One may say "The ball is over there where you are" but not "The ball is over yonder where you are." However, one can say either "The ball is over there in the bushes" or "The ball is over yonder in the bushes."
The distinction appears to be that 'yonder' is somewhere distant from both the speaker and the 'spoken to' whereas 'there' just means somewhere distant from the speaker.
Can anyone who also uses the term 'yonder' in everyday speech or someone familiar with English dialects verify this distinction.
Best Answer
I think it would be a mistake to assume that yonder generally represents a greater distance from the speaker than there does. Either term, unadorned, is ambiguous as to distance. The key to conveying a sense of how distant a thing "there" or "yonder" actually is lies in the modifier or modifiers attached to it, although some resulting phrases (such as "over there" and "over yonder") remain exceedingly vague as to distance. Consider, for example, the popular World War I song "Over There" by George M. Cohan, where there referred to "in Europe"—that is, across the Atlantic Ocean.
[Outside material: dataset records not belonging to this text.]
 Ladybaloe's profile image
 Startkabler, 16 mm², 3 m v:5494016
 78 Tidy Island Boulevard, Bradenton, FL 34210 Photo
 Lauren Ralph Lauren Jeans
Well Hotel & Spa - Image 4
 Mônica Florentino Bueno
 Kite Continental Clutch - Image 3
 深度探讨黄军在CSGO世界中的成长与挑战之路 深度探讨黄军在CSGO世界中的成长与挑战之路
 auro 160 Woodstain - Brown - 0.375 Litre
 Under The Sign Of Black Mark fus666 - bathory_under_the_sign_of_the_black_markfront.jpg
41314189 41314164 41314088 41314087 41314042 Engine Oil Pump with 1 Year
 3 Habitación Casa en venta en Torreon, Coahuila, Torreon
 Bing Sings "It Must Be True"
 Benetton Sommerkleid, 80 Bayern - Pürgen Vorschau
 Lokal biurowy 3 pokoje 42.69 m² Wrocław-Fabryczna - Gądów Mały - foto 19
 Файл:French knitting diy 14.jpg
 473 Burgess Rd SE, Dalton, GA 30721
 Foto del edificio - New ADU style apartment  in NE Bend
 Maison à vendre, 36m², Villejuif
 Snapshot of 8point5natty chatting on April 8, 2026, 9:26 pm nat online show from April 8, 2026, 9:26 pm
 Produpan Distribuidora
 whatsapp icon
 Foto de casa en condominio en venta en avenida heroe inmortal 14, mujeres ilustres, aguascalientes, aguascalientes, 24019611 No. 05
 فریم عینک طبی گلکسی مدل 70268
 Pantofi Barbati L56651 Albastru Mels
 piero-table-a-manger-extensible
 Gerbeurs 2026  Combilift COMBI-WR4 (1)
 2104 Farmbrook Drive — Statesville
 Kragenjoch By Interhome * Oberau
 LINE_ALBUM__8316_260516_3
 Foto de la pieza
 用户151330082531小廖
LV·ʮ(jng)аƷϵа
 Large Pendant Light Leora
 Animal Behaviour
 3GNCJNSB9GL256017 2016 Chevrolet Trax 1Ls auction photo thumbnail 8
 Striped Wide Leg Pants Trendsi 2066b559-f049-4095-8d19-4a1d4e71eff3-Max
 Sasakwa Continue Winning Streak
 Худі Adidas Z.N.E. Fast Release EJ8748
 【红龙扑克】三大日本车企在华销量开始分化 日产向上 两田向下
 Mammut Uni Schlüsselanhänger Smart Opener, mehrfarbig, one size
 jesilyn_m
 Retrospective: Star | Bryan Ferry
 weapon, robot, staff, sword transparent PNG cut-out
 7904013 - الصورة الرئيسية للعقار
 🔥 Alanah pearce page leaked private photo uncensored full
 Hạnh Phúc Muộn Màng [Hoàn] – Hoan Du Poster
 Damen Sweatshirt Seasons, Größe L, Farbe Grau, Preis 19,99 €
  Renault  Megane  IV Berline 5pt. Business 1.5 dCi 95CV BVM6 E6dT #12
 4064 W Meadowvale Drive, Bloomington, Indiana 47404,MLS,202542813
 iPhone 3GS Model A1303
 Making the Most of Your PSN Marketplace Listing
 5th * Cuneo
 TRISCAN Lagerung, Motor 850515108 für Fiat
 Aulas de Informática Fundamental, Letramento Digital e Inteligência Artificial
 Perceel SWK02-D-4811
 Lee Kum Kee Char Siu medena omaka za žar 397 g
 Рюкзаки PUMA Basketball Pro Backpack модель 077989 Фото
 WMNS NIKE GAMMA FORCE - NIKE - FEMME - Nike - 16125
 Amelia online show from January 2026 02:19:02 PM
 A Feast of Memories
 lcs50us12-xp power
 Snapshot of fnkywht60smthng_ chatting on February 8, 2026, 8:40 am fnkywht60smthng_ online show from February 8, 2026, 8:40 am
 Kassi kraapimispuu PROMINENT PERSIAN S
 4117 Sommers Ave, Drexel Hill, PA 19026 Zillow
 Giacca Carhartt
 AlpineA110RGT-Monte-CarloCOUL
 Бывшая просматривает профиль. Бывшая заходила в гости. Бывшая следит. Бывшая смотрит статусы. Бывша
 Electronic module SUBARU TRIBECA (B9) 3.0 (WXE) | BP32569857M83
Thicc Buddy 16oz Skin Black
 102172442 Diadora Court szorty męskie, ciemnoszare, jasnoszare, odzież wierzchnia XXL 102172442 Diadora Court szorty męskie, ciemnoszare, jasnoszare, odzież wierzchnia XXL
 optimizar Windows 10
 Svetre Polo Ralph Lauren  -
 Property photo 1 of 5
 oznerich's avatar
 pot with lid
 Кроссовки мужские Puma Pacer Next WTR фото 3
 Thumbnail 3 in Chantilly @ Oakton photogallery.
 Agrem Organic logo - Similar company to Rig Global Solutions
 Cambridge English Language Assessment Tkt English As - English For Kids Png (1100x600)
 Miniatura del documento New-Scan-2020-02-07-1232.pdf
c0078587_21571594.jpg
Because many people today do not use yonder as a standard part of their vocabulary, they may associate it with a particular usage that implies considerable distance, as in the song "Way Down Yonder in New Orleans." But for people who use yonder regularly, I suspect, the range of distances that the term can comfortably comprehend is quite broad. My grandfather, who was born in western Kentucky in 1903, used yonder occasionally and variably, often to indicate an indefinite place—for example, "the cows are grazing out yonder," meaning that the cows are grazing in a nearby pasture but it isn't entirely clear which pasture or which part of a single pasture they are in.
You can get a sense of the range of use of yonder in everyday speech in regions where the word was common by looking at recorded examples of its use (in the sense of "there; at or in that place") in Harold Wentworth, American Dialect Dictionary (1944):
Wentworth selected these examples mainly to show variants in pronunciation, prepositional use, and regional distribution of yonder; but the examples also convey a sense of how broadly applicable yonder was to different situations for speakers who used the term frequently. For some of them, at least, yonder seems coextensive with there as a term for position or distance. Such speakers might at times use yonder in connection with distant locations, but they might also use it in reference to the corner of a room they were sitting in, for example, or a bed elsewhere in the same house.
The decisive factor in defining how distant yonder is for a particular speaker, in other words, is whether the speaker uses the word frequently and widely in situations where other speakers might use there, or whether the speaker uses it relatively rarely and in particular contexts—for example, as part of a longer set phrase such as "way over yonder."